以下是TF版本层的实现,以及生成器和判别器的实现
`def gated_linear_layer(inputs, gates, name = None):

    activation = tf.multiply(x = inputs, y = tf.sigmoid(gates), name = name)

    return activation
################################
def instance_norm_layer(
    inputs, 
    epsilon = 1e-05,
    activation_fn = None, 
    name = None):

    instance_norm_layer = tf.contrib.layers.instance_norm(
        inputs = inputs,
        epsilon = epsilon,
        activation_fn = activation_fn)

    return instance_norm_layer
###############################
def conv1d_layer(#inputs = inputs, filters = 128, kernel_size = 15, strides = 1, activation = None, name = 'h1_conv'
    inputs, 
    filters, 
    kernel_size, 
    strides = 1, 
    padding = 'same', 
    activation = None,
    kernel_initializer = None,
    name = None):                                        
    
    conv_layer=tf.layers.conv2d(
        inputs=inputs,
        filters=filters,
        data_format='channels_first',
        kernel_size=[kernel_size,1],
        strides=[strides,1],
        padding=padding,
        activation=activation,
        kernel_initializer=kernel_initializer,
        name=name

    )
    
    return conv_layer
###############################
def conv2d_layer(
    inputs, 
    filters, 
    kernel_size, 
    strides, 
    padding = 'same', 
    activation = None,
    kernel_initializer = None,
    name = None):

    conv_layer = tf.layers.conv2d(
        inputs = inputs,
        filters = filters,
        kernel_size = kernel_size,
        strides = strides,
        padding = padding,
        activation = activation,
        kernel_initializer = kernel_initializer,
        name = name)

    return conv_layer

def residual1d_block(
    inputs,
    filters = 1024, 
    kernel_size = 3, 
    strides = 1,
    name_prefix = 'residule_block_'):
    #[1,32,512]
    h1 = conv1d_layer(inputs = inputs, filters = filters, kernel_size = kernel_size, strides = strides, activation = None, name = name_prefix + 'h1_conv')
    #[1,32,1024]
    h1_norm = instance_norm_layer(inputs = h1, activation_fn = None, name = name_prefix + 'h1_norm')

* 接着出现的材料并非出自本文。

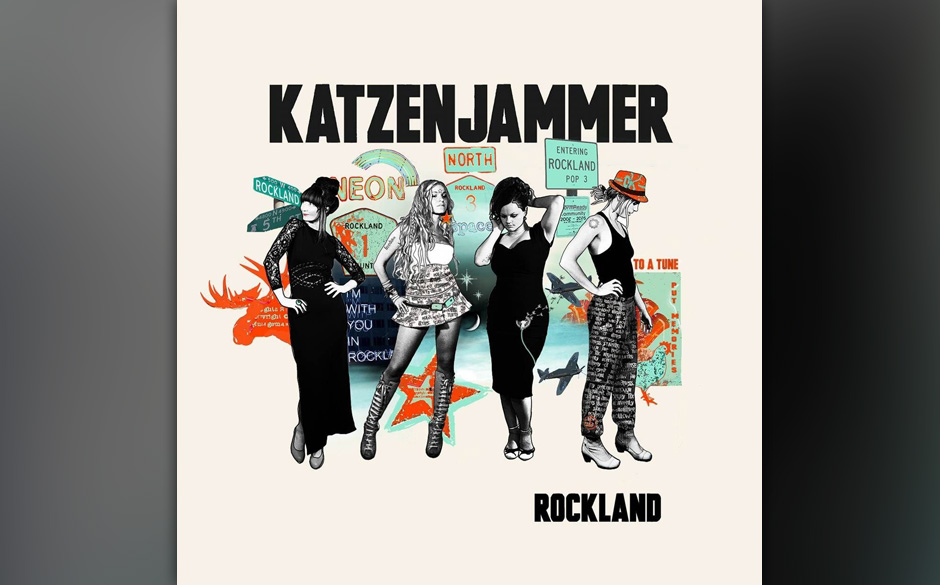 ...Katzenjammer belegen mit "Rockland" die Fünf...
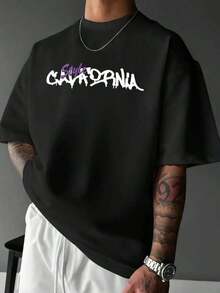 Men's Adult/Children's Casual Streetwear Premium Cotton Fashion Bear California Style Dollar Money - 黑色 - 查看 3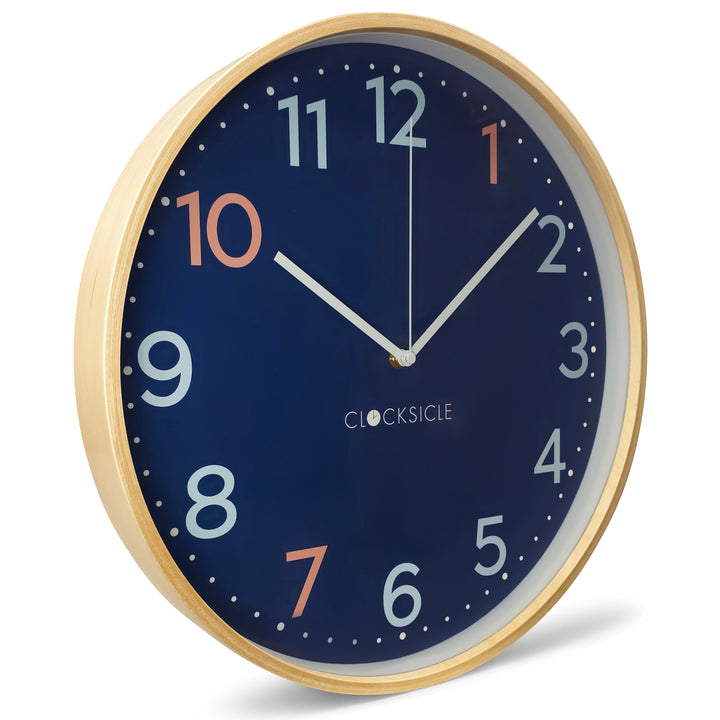 Clocksicle Silent Wood Wall Clock Sailor Blue 40cm CC-40-SAIL 2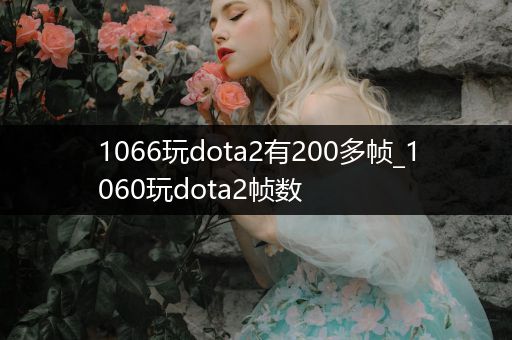 1066玩dota2有200多帧_1060玩dota2帧数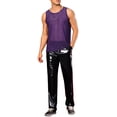 thumbnail image 2 of INSPIRE CHIC Mesh Sheer Tank Top for Men's See Through Sleeveless Tee Shirts Crew Neck Party Vest XL Purple, 2 of 5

    h1_gates = conv1d_layer(inputs = inputs, filters = filters, kernel_size = kernel_size, strides = strides, activation = None, name = name_prefix + 'h1_gates')
    #[1,32,1024]
    h1_norm_gates = instance_norm_layer(inputs = h1_gates, activation_fn = None, name = name_prefix + 'h1_norm_gates')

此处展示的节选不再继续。